Activity:
The lines from the one containing "Luxury Sofa Sets: 3-Piece" through the last line below, both ends included, must be reproduced exactly, with no pictures.

Data extract:
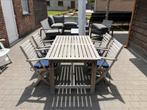 Tuintafel + 4 stoelen in teak, Tuin en Terras, Tuintafels, Ophalen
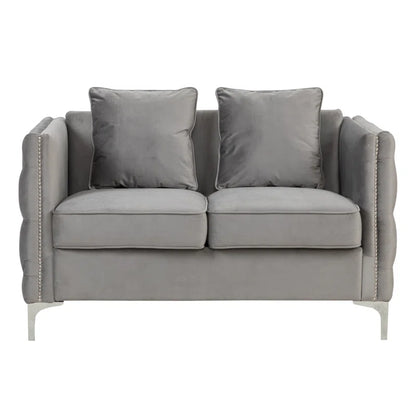Luxury Sofa Sets: 3-Piece Velvet Mid-Century Living Room Set with Toss Pillows and Chrome Legs
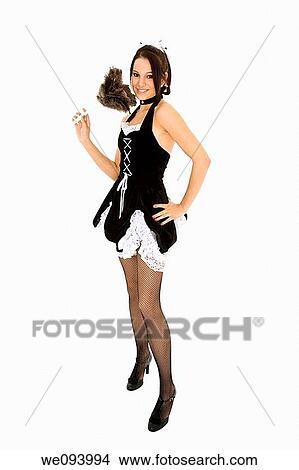 Beautiful caucasian woman dressed in a French Maid costume View Large Photo Image Picture - Beautiful caucasian woman dressed in a French Maid costume. Fotosearch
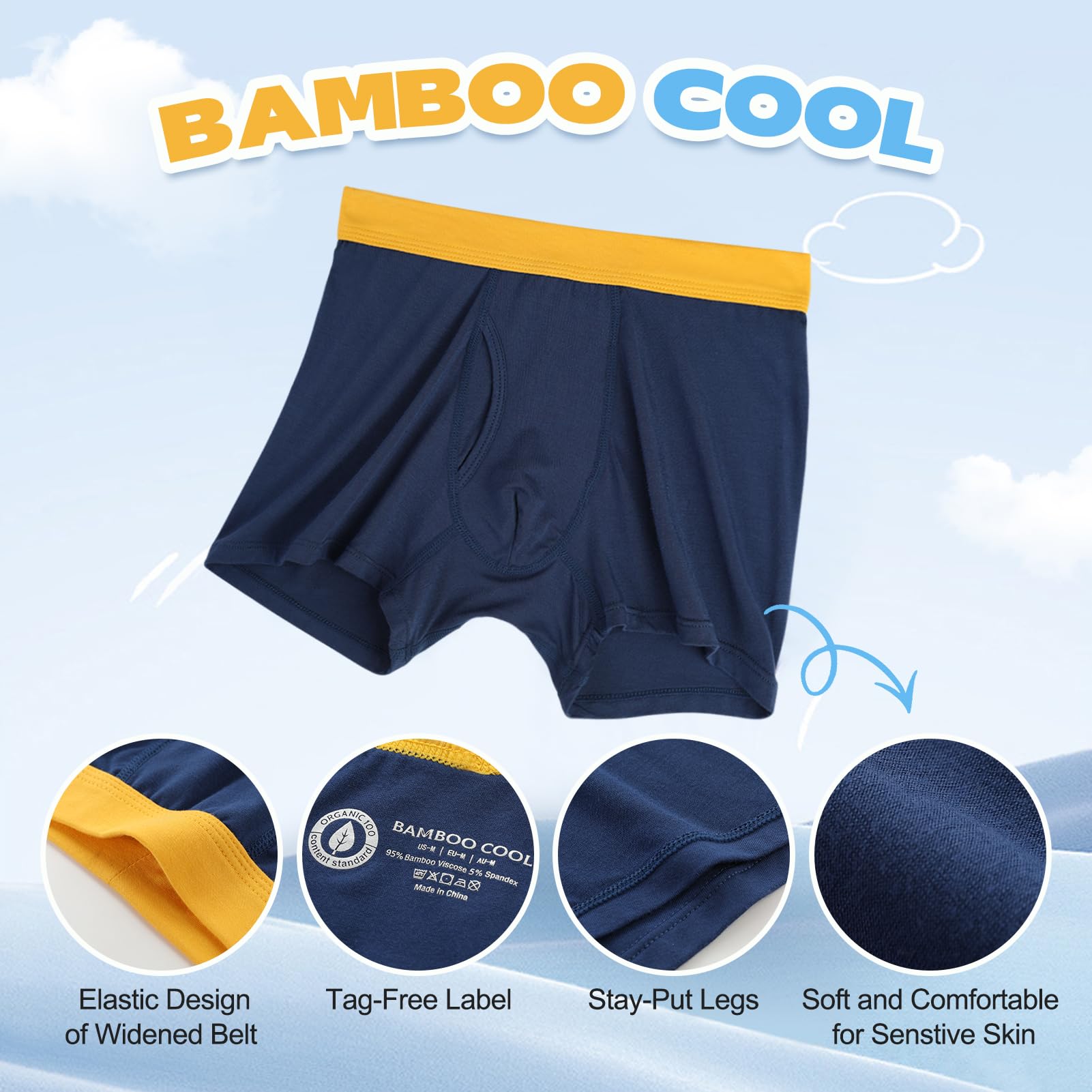 BAMBOO COOL Boys' Boxer Briefs 6-18Y Underwear Moisture-Wicking Lightweight and Ultra Soft 6-Pack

Solved problem:
Luxury Sofa Sets: 3-Piece Velvet Mid-Century Living Room Set with Toss Pillows and Chrome Legs
 Beautiful caucasian woman dressed in a French Maid costume View Large Photo Image Picture - Beautiful caucasian woman dressed in a French Maid costume. Fotosearch
 BAMBOO COOL Boys' Boxer Briefs 6-18Y Underwear Moisture-Wicking Lightweight and Ultra Soft 6-Pack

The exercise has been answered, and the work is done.